1. The reduce function `dgl.function.prod` is removed.
1. `dgl.add_self_loop` will NOT remove existing self loops automatically. It is recommanded to call `dgl.remove_self_loop` before invoking `dgl.add_self_loop`.
## Deprecations
Will not break old codes but will throw deprecation warning.
### Core APIs
1. Creating a graph using `dgl.DGLGraph(data)` is deprecated. Use `dgl.graph(data)`.

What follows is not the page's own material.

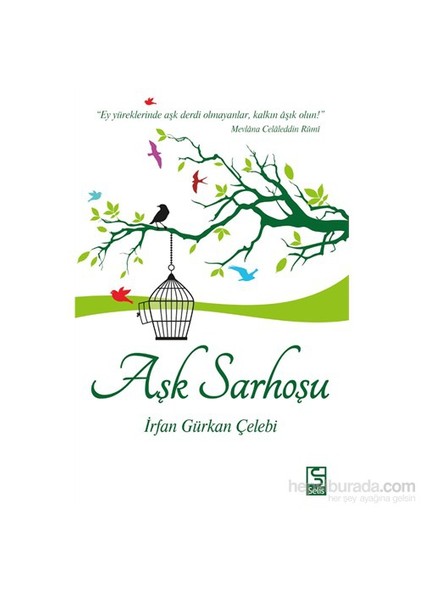 Aşk Sarhoşu-İrfan Gürkan Çelebi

1. Deprecated `DGLGraph` methods:
- `DGLGraph.to_networkx` -> `dgl.to_networkx`
- `DGLGraph.readonly` and `DGLGraph.is_readonly`. Before 0.5, this flag is a hint for more efficient implementation. From 0.5, the efficiency issue has been resolved so they become useless.

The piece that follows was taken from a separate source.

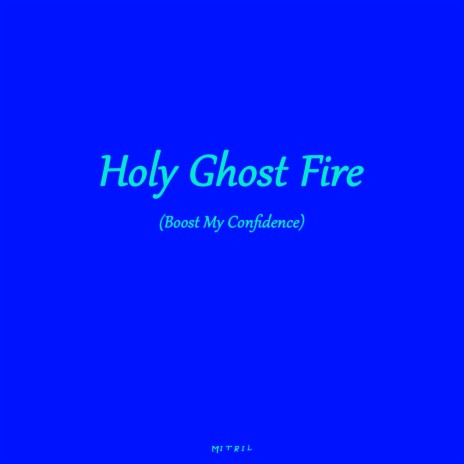 Holy Ghost Fire (Boost My Confidence) | Boomplay Music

- `DGLGraph.__len__` -> `DGLGraph.number_of_nodes`
- `dgl.DGLGraph.__contains__` -> `DGLGraph.has_nodes`
- `DGLGraph.add_node` -> `DGLGraph.add_nodes`
- `DGLGraph.add_edge` -> `DGLGraph.add_edges`
- `DGLGraph.has_node` -> `DGLGraph.has_nodes`
- `DGLGraph.has_edge_between` -> `DGLGraph.has_edges_between`
- `DGLGraph.edge_id` -> `dgl.DGLGraph.edge_ids`.
- `DGLGraph.in_degree` -> `dgl.DGLGraph.in_degrees`.
- `DGLGraph.out_degree` -> `dgl.DGLGraph.out_degrees`.
1. `dgl.to_simple_graph` -> `dgl.to_simple`.
1. `dgl.to_homo` -> `dgl.to_homogeneous`.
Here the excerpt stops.